Not available microdata: For six of the 131 countries covered the World Bank relied (in October 2015) on grouped data. According to Ferreira et al (2015) this is because the World Bank was not authorized to share the microdata publicly and it could only rely on the grouped data that refers to quintile or decile shares.
Urban bias: The urban bias in pricing referring to the worry that in price comparisons more expensive goods in urban markets are measured and the often lower prices in rural areas are neglected.
# Comparing poverty between countries and over time
The entry on GDP data explains how adjustments are made for price changes over time (inflation) and between countries (PPP adjustments). For poverty measurements, the revision of PPPs have substantial consequences for the regional distribution but not for the trend over time as Deaton (2010)16 explains:
“The revision from 1985 to 1993 had relatively little effect on the global count but made sub-Saharan Africa appear to be much poorer, and Latin America appear to be much less poor. Indeed, it is the 1993 revision that “established” sub-Saharan Africa as the region with the highest headcount ratio, a fact that has dominated subsequent discussions of world poverty; prior to revision, the measured prevalence of poverty in South Asia was substantially higher than in sub-Saharan Africa. At the time of that revision, I commented that “changes of this size risk swamping real changes, and it seems impossible to make statements about changes in world poverty when the ground underneath one’s feet is changing in this way,” Deaton (2001). The 2005 revision shifts the ground even more. The global count for 1993 jumps by almost half a billion people, the headcount ratio for East Asia doubles, there are substantial increases in Africa and South Asia, and a large reduction in Latin America. The Table shows these numbers for 1993, for which there are estimates using three sets of PPPs, […]. Let me emphasize that the general trends […] reappear whichever PPPs and poverty lines are used. The shifting of the ground refers only to the level of global poverty, and to its regional distribution.”

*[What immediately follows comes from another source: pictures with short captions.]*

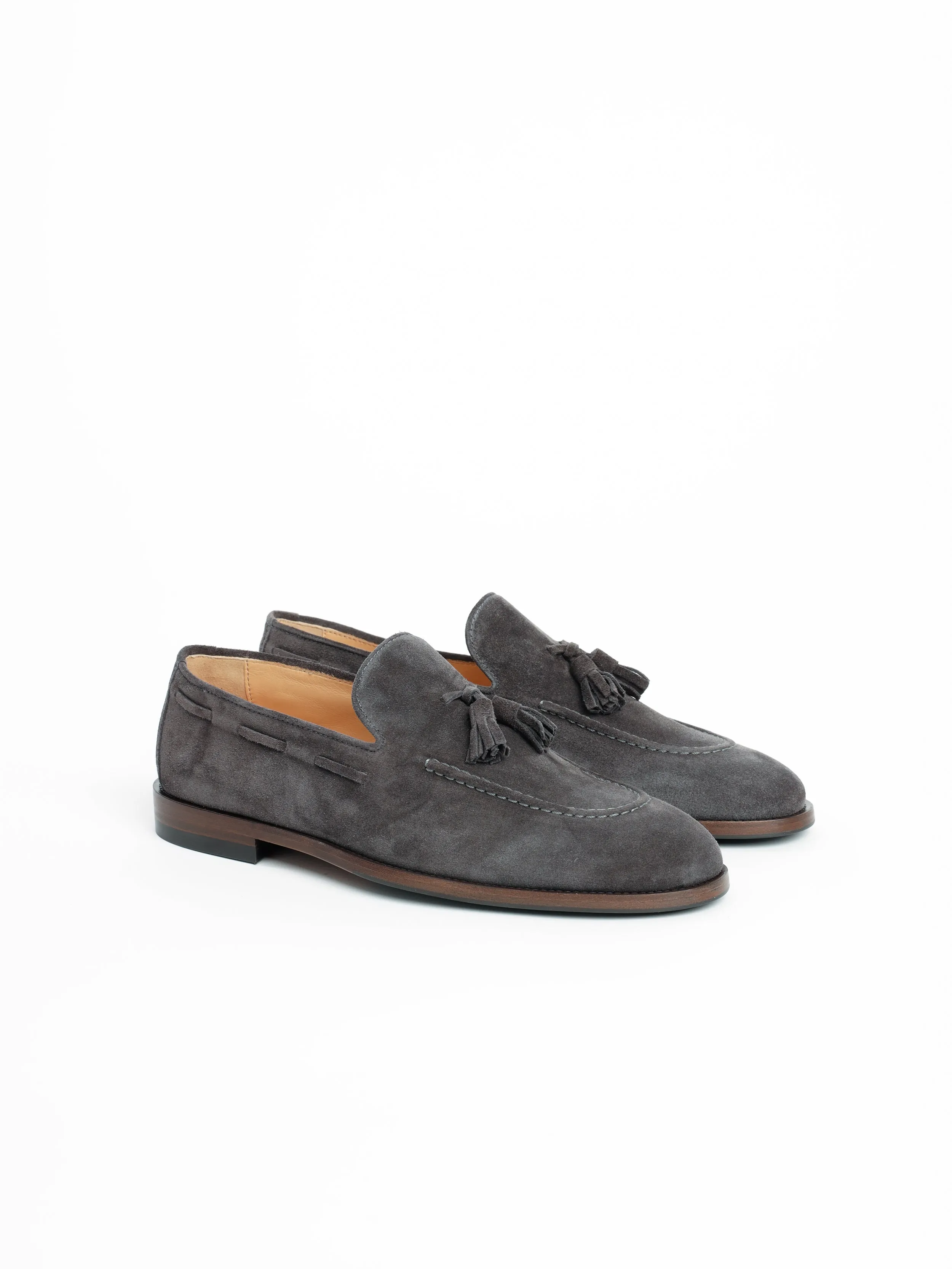 Grey Suede Loafers with Tassels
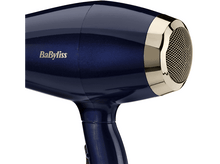 Charger l&#39;image dans la galerie, Gros plan sur un sèche-cheveux bleu avec une buse en maille dorée.
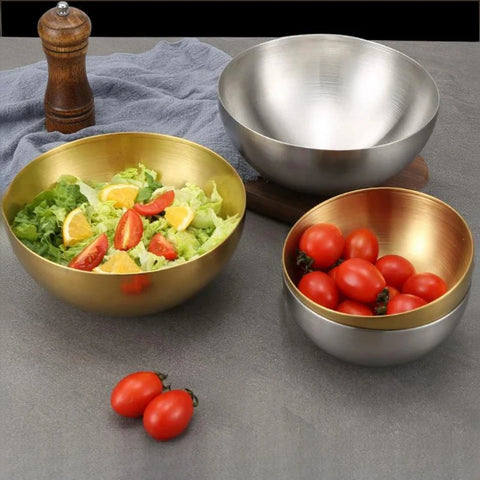 Tigela de Salada em Aço Inoxidável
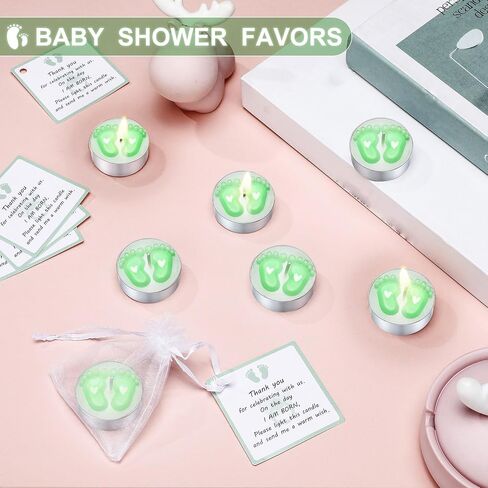Treela 20 Sets Baby Shower Party Favors Tea Lights Candles for Guests Cute Baby Feet Shaped Burning Thank You Tags Return Gifts for Baby Shower(Pink) in Saudi Arabia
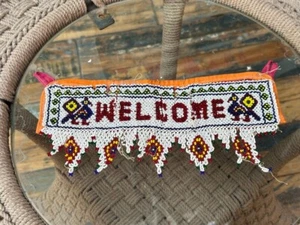 Antique India Handmade Multi colors Beads Peacock Figure Welcome Wall Hanging - Picture 1 of 7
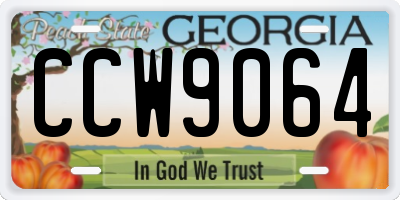GA license plate CCW9064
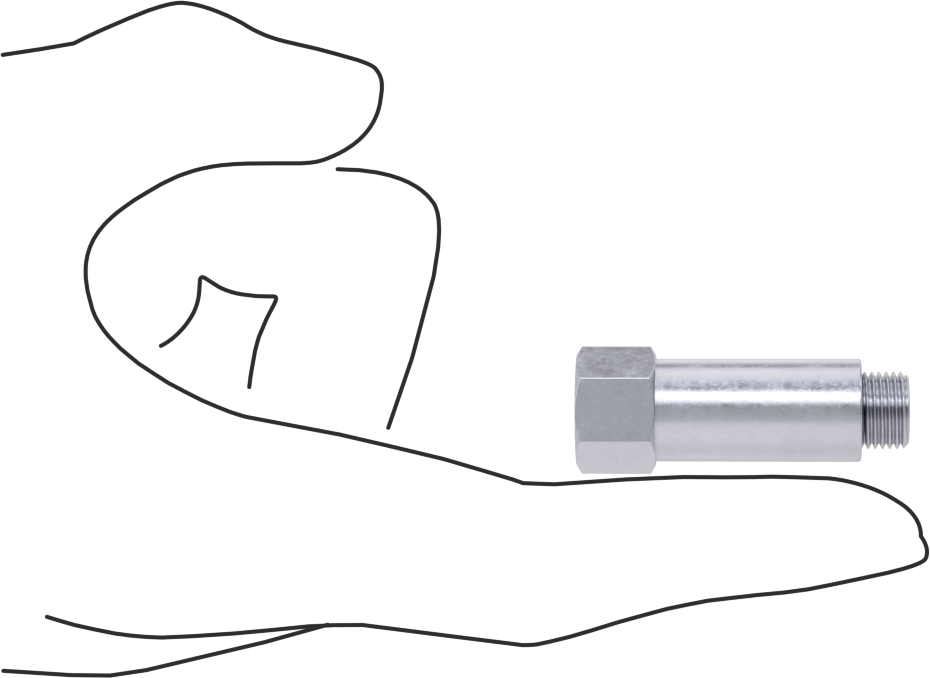 Yüksek Basınçlı Nikel Kaplı Pirinç Boru Bağlantı Parçası, Adaptör, 1/8 BSPP Dişi x 1/8 BSPP Erkek, 1-5/8 inç Uzunluk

# Poverty figures for regional aggregates and the timing of suveys
For individual countries the World Bank publishes poverty estimates only for years in which household survey data is available. For regional and global aggregates however it is necessary to estimate the poverty figures for all countries in a specific year. Ferreira et al (2015)17 explain that in cases in which survey data before and after that specific year is available the World Bank reports an average weighted by the relative distance from these two surveys. To arrive at data for all countries in a specific year the consumption or income data from the latest survey is extrapolated by using growth rates from the national accounts. In this extrapolation the World Bank assumes distribution-neutral growth (no change in inequality since the last survey).
There are some countries for which no poverty estimates are available. Not including these countries in the regional or global aggregates would understate the level of global poverty. To avoid this the average poverty estimate of the world region in which this country is located is then assigned to that country for which no data is available.
High-income countries – according to the definition of the World Bank – are assumed to have no people living in extreme poverty in the global poverty figures published by the World Bank. Ferreira et al (2015) explain that “although some people in rich countries report household per capita incomes that are below the international poverty line, per capita consumption is above this threshold for nearly everyone.” Chandy and Smith (2014) for example find that 1% to 4% of the US population have incomes of less than $2 a day, but when measured by consumption this share of Americans living with less than 2$ per day falls to less than 0.1%.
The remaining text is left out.